When Xcel Energy reported abnormal heating assistance requests from Community Action of Minneapolis in 2011, they stood behind him. Even when staff members at the Department of Commerce sent their boss a memo recommending it sever ties with the Davis-run agency over poor work and financial mismanagement, the DFL friends stood behind him.
When Davis pleaded guilty last week to 16 counts of fraud and theft of money meant to heat the homes of the poor, however, he was largely alone.
None of the girlfriends who accompanied him on expensive taxpayer-funded vacations showed up. Not even the one who got a trip to Florida while an audit was being conducted, nor the girlfriend who got a new mattress while the Department of Human Services was trying to reach Davis about missing money.
The 33-page court document outlining the theft by Davis is a study in mendacity and conceit. According to a trial brief, Davis bullied his staff and fired them if they asked too many questions.
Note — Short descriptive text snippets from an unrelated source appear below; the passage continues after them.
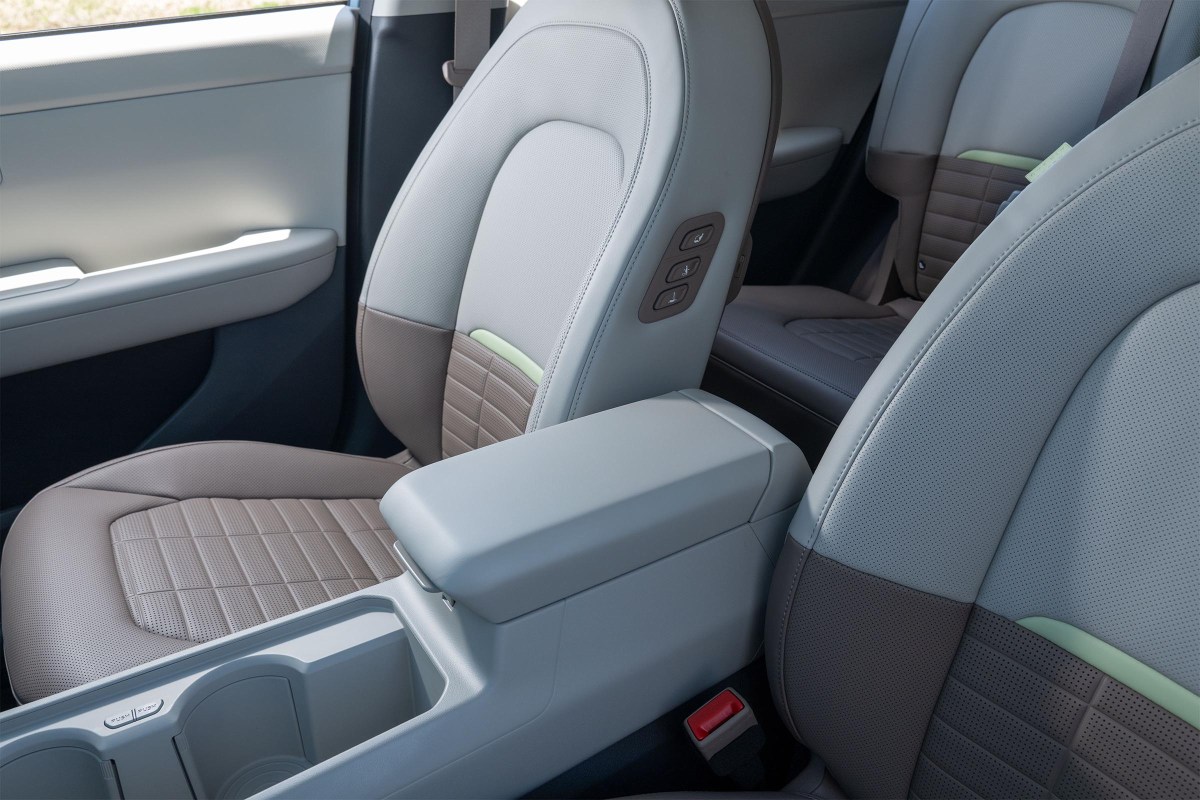 2027 Kia Seltos seating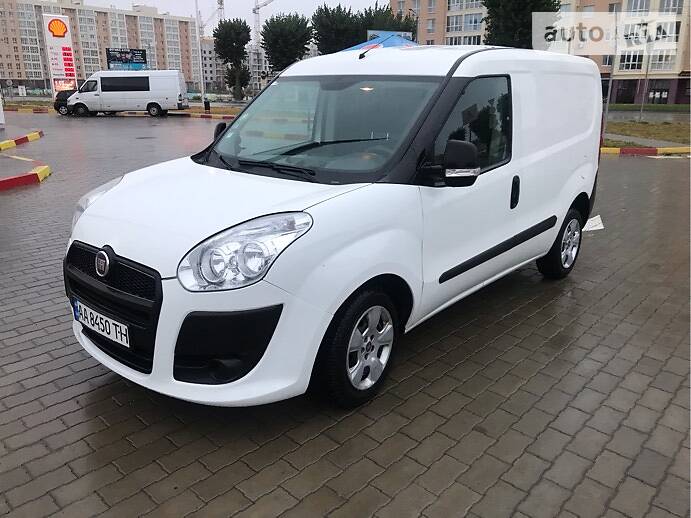 Грузопассажирский фургон Fiat Doblo 2013 в Киеве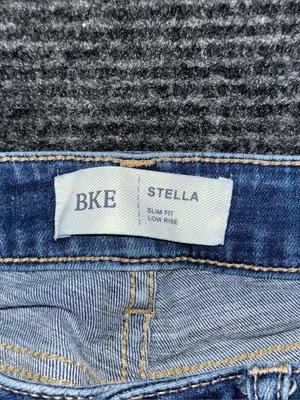 Buckle BKE Stella Slim Fit Low Rise Jeans Distressed Sz 26 x 27.5 AXB111A thumbnail 7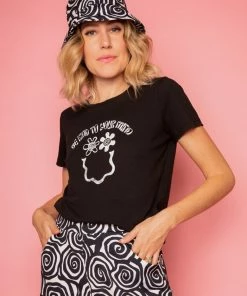 Dazey LA Kind To Your Mind - Black Tee NEW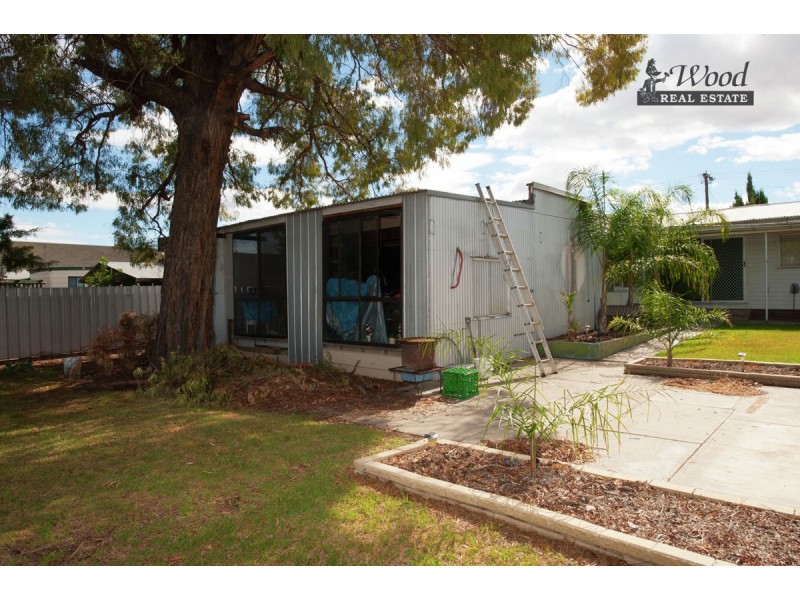 470 Griffith Road, Lavington NSW 2641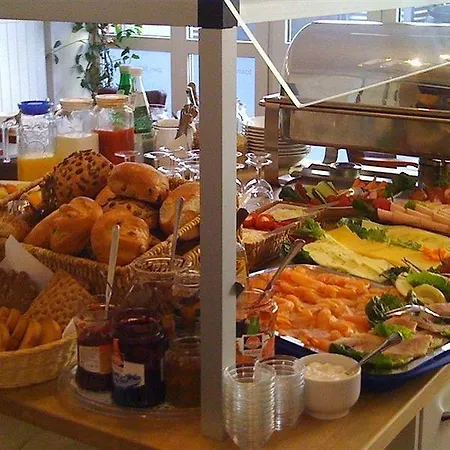 Town - Kleines Privathotel Mit Self-check-in In Bestlage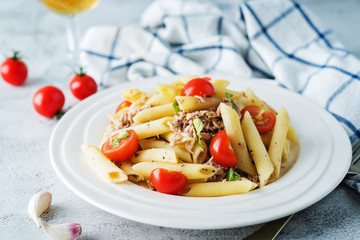 Canned Tuna, tomato garlic parsley salad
He made his CFO cry. As the CEO of the nonprofit, he hid information from his board and regulators and didn't let his employees speak to any of them.
Yet, there were plenty of signs over the years that things were not right inside the agency — soaring administrative costs and rapidly deteriorating outcomes. Yet Davis continued to get contracts with the state. He had been president of the state NAACP and a DFL delegate. He was once chair of the Minneapolis Civil Rights Commission. He was untouchable.
When analysts did try to rein in the agency, Davis cried racism. In a 2013 public hearing over future controls for funding of energy programs, he said cost control measures "are again nothing shy of profiling people of color, profiling low-income people and trafficking in prejudice, if you will. We are spending an awful lot of time and resources trying to establish that poor people are criminal-minded," he said.
Turns out, regulators were suspicious of the wrong people, if you will.